Now you know what the RS badge means and you know where we are heading with this RS3 model. What I like about it is that it is the Sportback 5-door model, so it can actually be practical too. Not that there are much space for passengers in the back of any Audi 3 model, but still.

The current RS3 model is the most powerful hatchback from Audi and one of the fastest Audis available locally. Audi claims a 0-100km/h time of 4,3 seconds, which we can go along with, seeing that it has the perfect power-to-weight ratio and is also equipped with launch control that assists immensely in a standing start. The 2.5-litre, five-cylinder turbo engine supply 270kW and 465Nm to all four wheels via quattro drive – a power boost over the previous, first-generation RS3, which delivered only 250kW and 450Nm respectively. All this power is only available through a seven-speed S-tronic auto transmission.

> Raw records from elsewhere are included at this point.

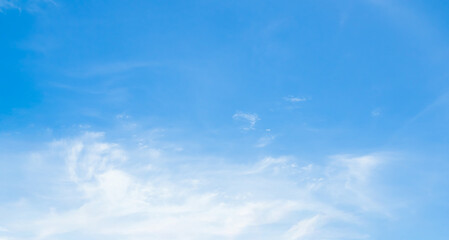 Sky cloud blue nature background paronama web cloudy summer winter season day, light beauty horizon spring brigth gradient calm abstract backdrop air nature view wallpaper landscape environment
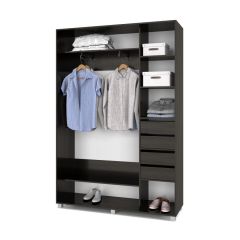 РОЛАНД Шкаф-купе с зеркалами Венге (450*1200) Р423 в Кургане - kurgan.mebel24.online | фото 5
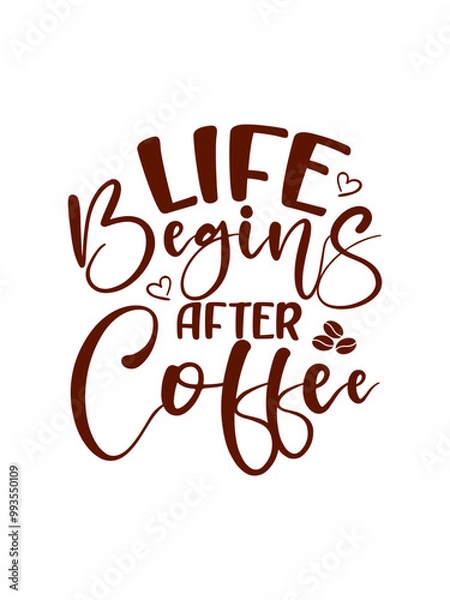 Obraz Coffee SVG Design, Coffee SVG Bundle, Coffee t-shirt design.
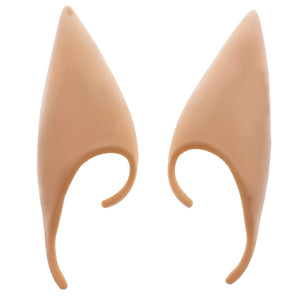 Guild Arms latex elf ears for cosplay in flesh tone pair of peel on pointed ear tips for costumes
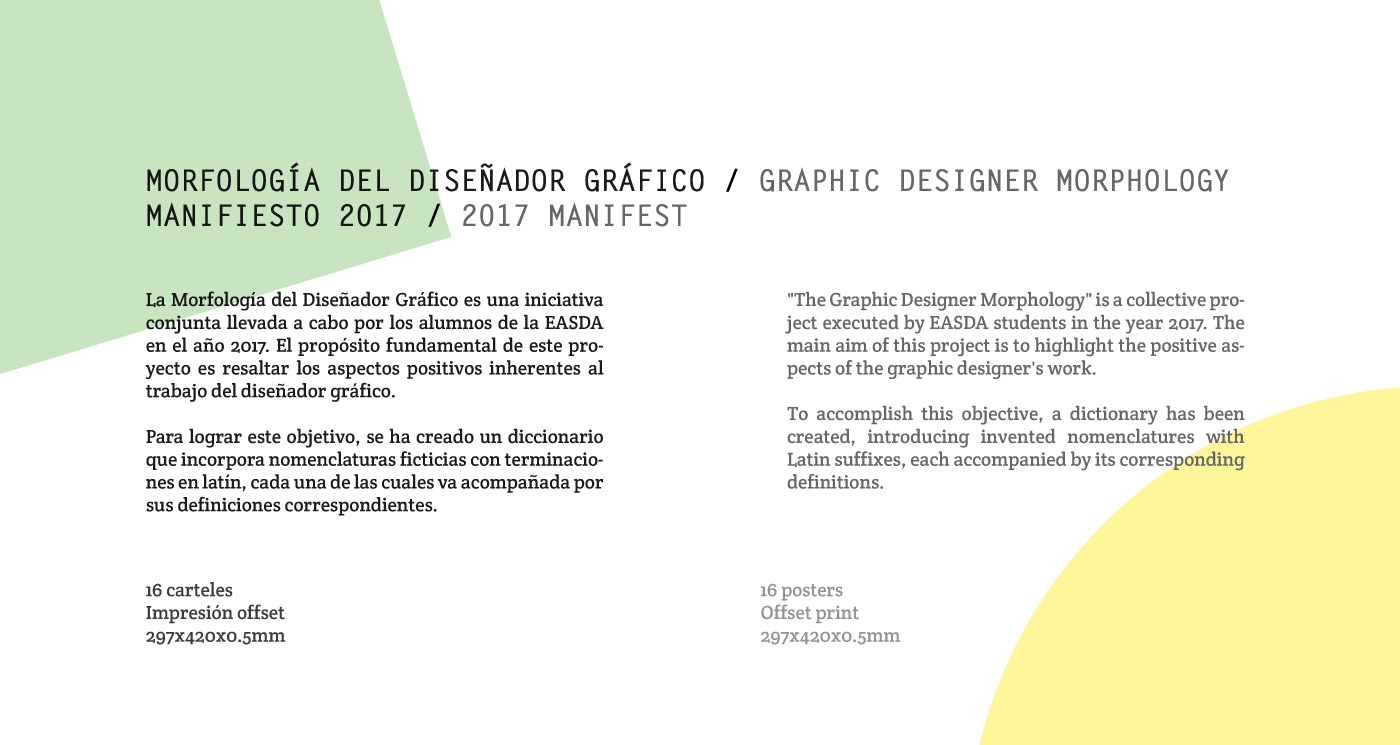 graphic design  diseño gráfico carteles posters manifiesto manifesto Diccionario dictionary art direction  copy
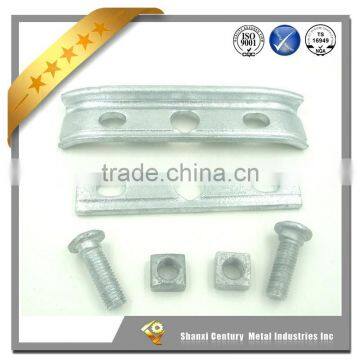 Hot Sale Hot Rolled Steel Straight and Angle Galvanized 3 Holes Suspension Clamp photo-4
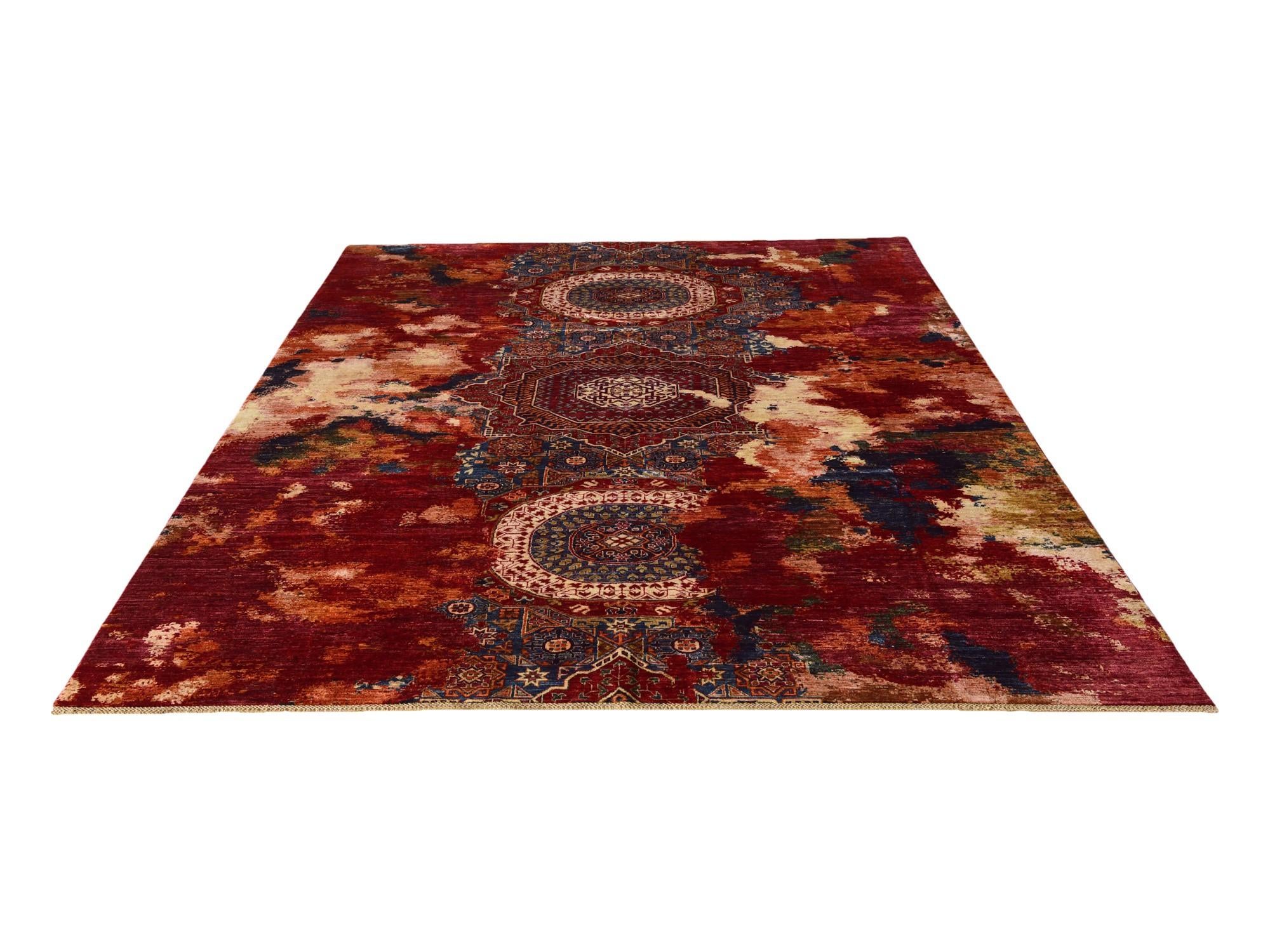 9' x 12' Hand Knotted Mamluk Ziegler Rug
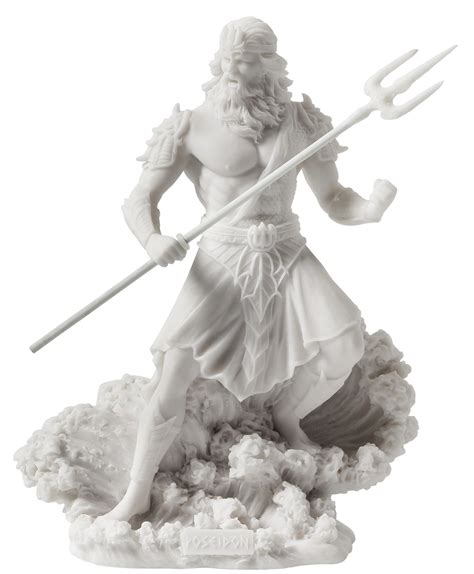 Buy Poseidon Greek God of the Sea with Trident Statue Online at ...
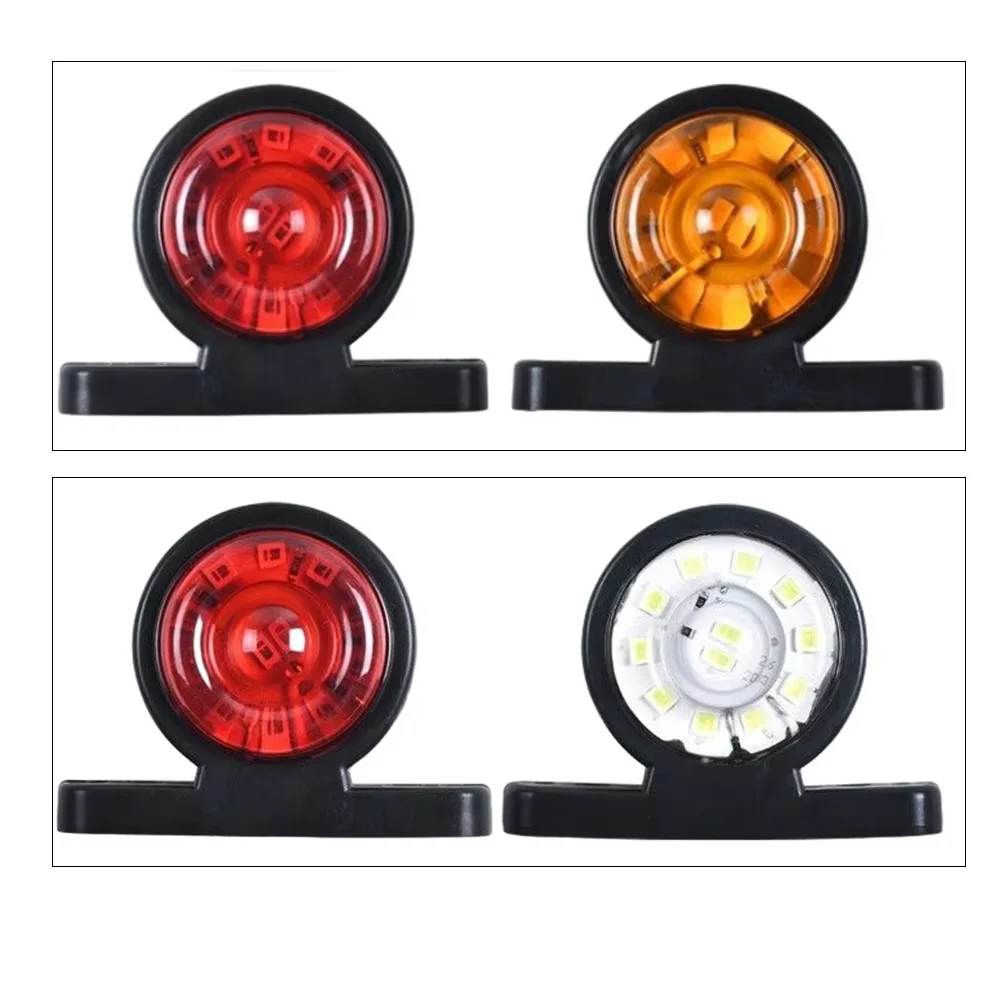 2PCS Dual Face LED Signal Indication Lamp Truck Outline Light Marker Car LED Side Light 24V Trailer Lorry Camper Van Taillight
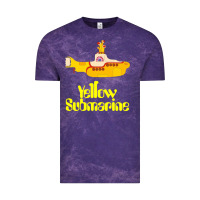 Cloud Purple Yellow Submarine Vintage Tee - linhVisuals
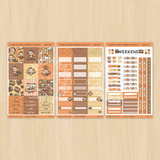 Thankful Turkey Theme Hobonichi Cousin Weekly Kit (Set of 3)
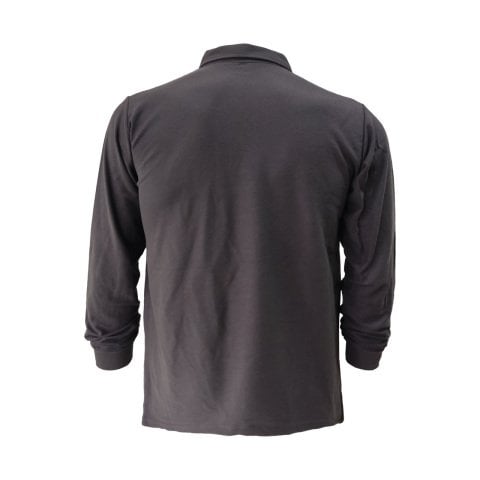 Füme Gömlek Yaka Uzun Kol T-shirt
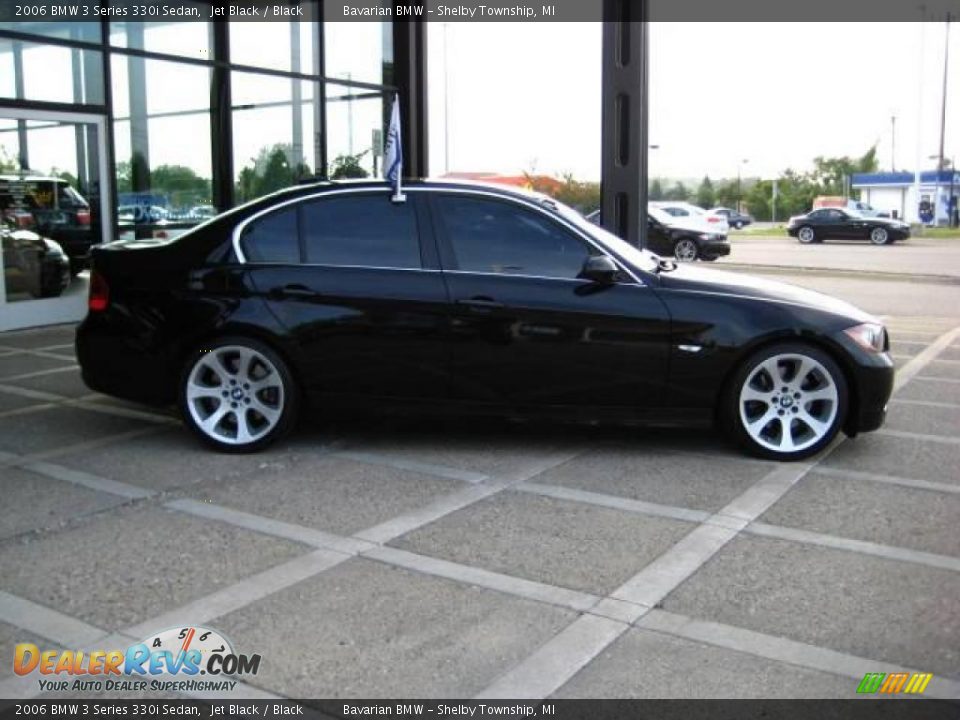 2006 BMW 3 Series 330i Sedan Jet Black / Black Photo #9
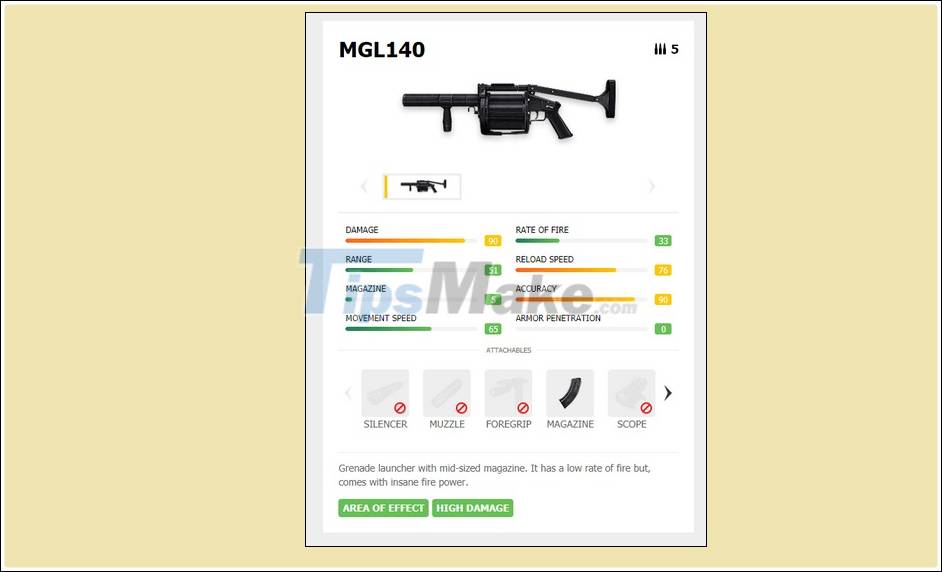 How to use the grenade launcher in Garena Free Fire Picture 2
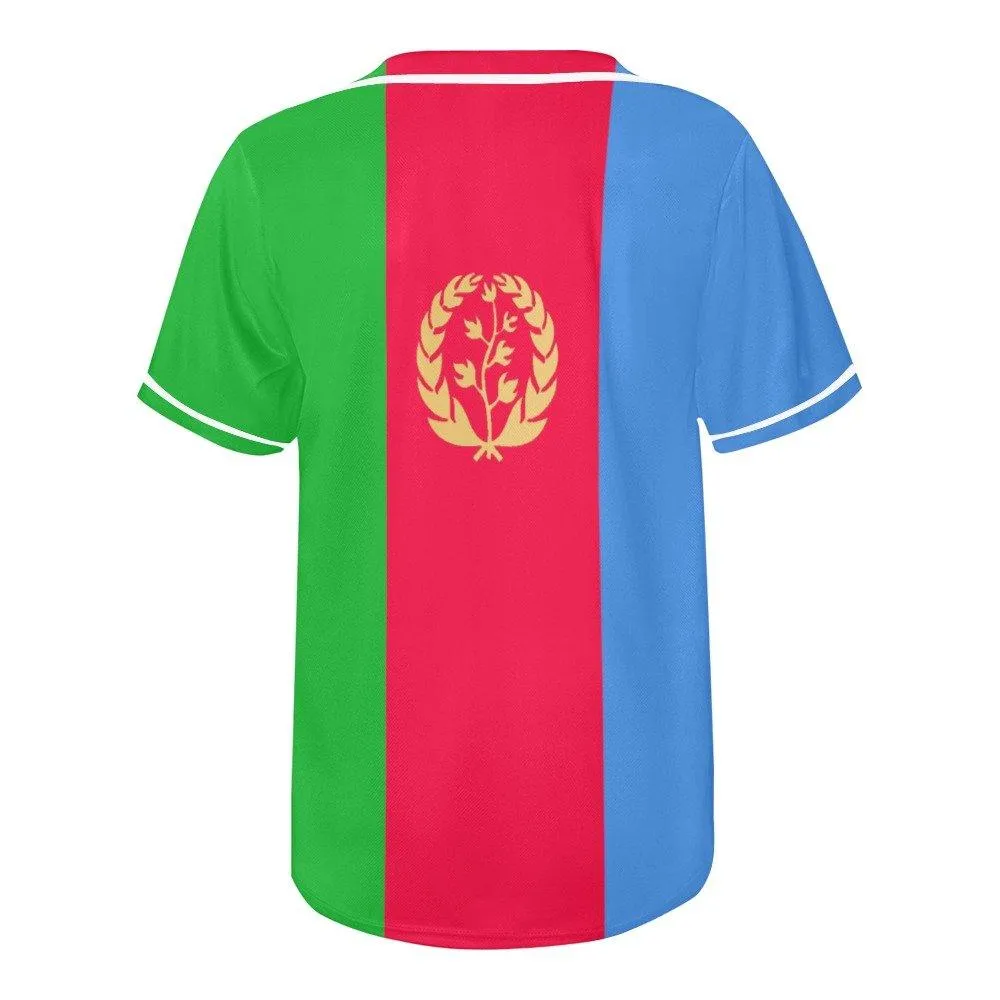 Eritrea Flag Baseball Men Jersey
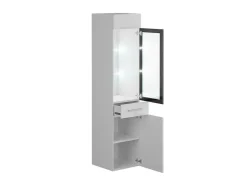 Vente-unique Badkamerkast-Badkamerkolom Zonder Leds - Wit - L30 X B30 X H132 Cm - Laurine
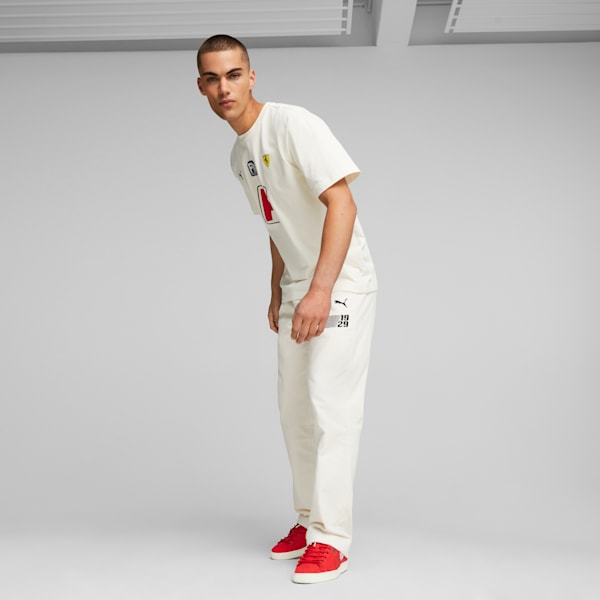 Scuderia Ferrari Clyde Sneakers, Rosso Corsa-Warm White, large-ZAF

As usual in SA cars the top speed is governed at 250km/h, but the limiter can be optionally lifted to 280km/h.

To put all that power safely on the road the RS3’s quattro drive is an active system that can send all the engine power to the rear wheels if necessary, helping to reduce the understeer mostly found in all-wheel-drive cars. This car sticks to the road, but also keeps the driver on his toes, because it can bite you in the back-side if you don’t concentrate. It is ‘oh so easy’ to throttle earlier out of corners with the new torque vectoring system that limits wheel-spin when accelerating.  Ride quality can be a bit bumpy as expected, even with the optional Audi Magnetic Ride suspension fitted.

Not the car for the introvert, because when set to sport mode people will hear you a mile away with some back-firing and loud blips when gearing down. Then again if you buy this Audi you want people to notice you. This is quite easy as we can vouch for during our five days of testing, yes only five days and not the usual seven, as it was the end of the year and the cars had to be returned for the festive break. Cindi Harding felt it was an excellent last vehicle for the year and I totally agree with her. Now we can dream about what’s in store for us for the new year.

The Audi RS3 comes standard with all the add-ons that you need and just to mention a few you get a black honeycomb grille, big air intakes, large oval tailpipes and widened front fenders. Inside the cabin’s spiced up with RS badges, an RS steering wheel that’s flattened at the bottom, and Nappa leather sports seats with classy diamond-stitching and embossed logos. Our test car came in a very peculiar colour called Nardo Grey, which actually looks like just the primer painted onto the car, but I must say it suits this little racing hatch to a tee.

Not that it would be of any interest, but our fuel consumption came to 16,2 litre per 100km and I am sure you will be able to bring this figure down to around 12 litre per 100km, once you are over the initial playfulness of the car. I am sorry but I will not get over that easily, so I will have to pay the cost of a high fuel bill.

You get all of this fun for around R710 000, so start saving if you want one of these über hot hatches. What a nice car to end the year off with … now we must wait to see what happens in the new year.